Would you please repeat, word for word, only the lines from the one holding "ラトゥー エクラ ファンデーション" through the one holding "解读妻宫命：探寻命理中的婚姻与幸福之道" in the material below, without the pictures?

** Opening Supplied records block **

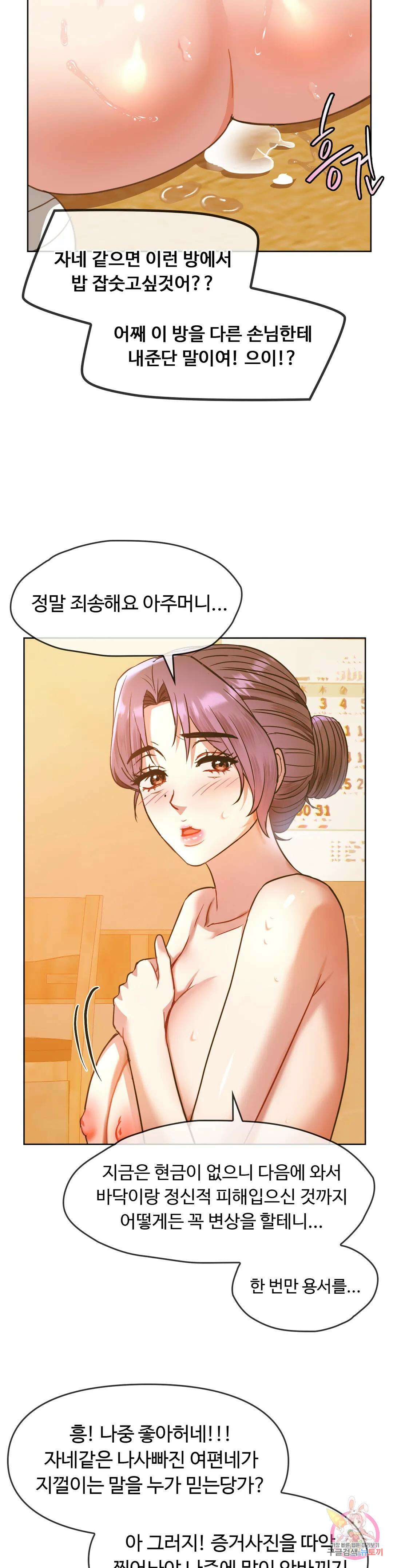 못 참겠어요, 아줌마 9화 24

** Closing Supplied records block **
** Opening Supplied records block **

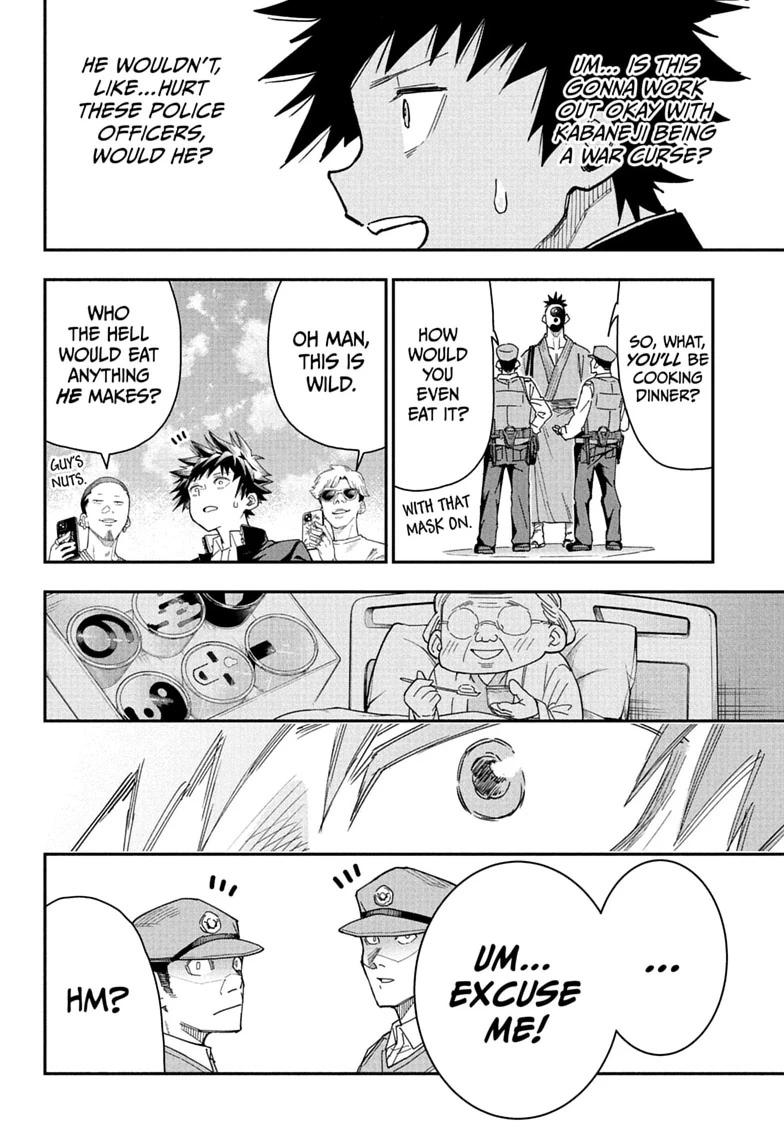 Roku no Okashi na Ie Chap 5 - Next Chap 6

** Closing Supplied records block **
** Opening Supplied records block **

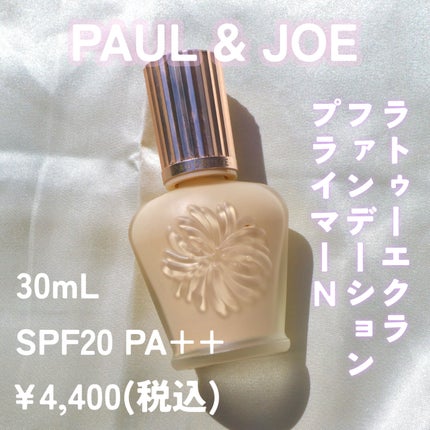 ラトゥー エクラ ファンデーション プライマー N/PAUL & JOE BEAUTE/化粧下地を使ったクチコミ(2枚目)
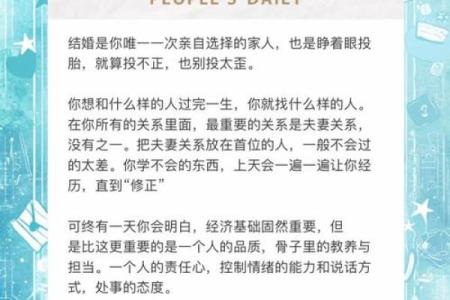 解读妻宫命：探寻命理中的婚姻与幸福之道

** Closing Supplied records block **

Answer section >>
 ラトゥー エクラ ファンデーション プライマー N/PAUL & JOE BEAUTE/化粧下地を使ったクチコミ(2枚目)
 解读妻宫命：探寻命理中的婚姻与幸福之道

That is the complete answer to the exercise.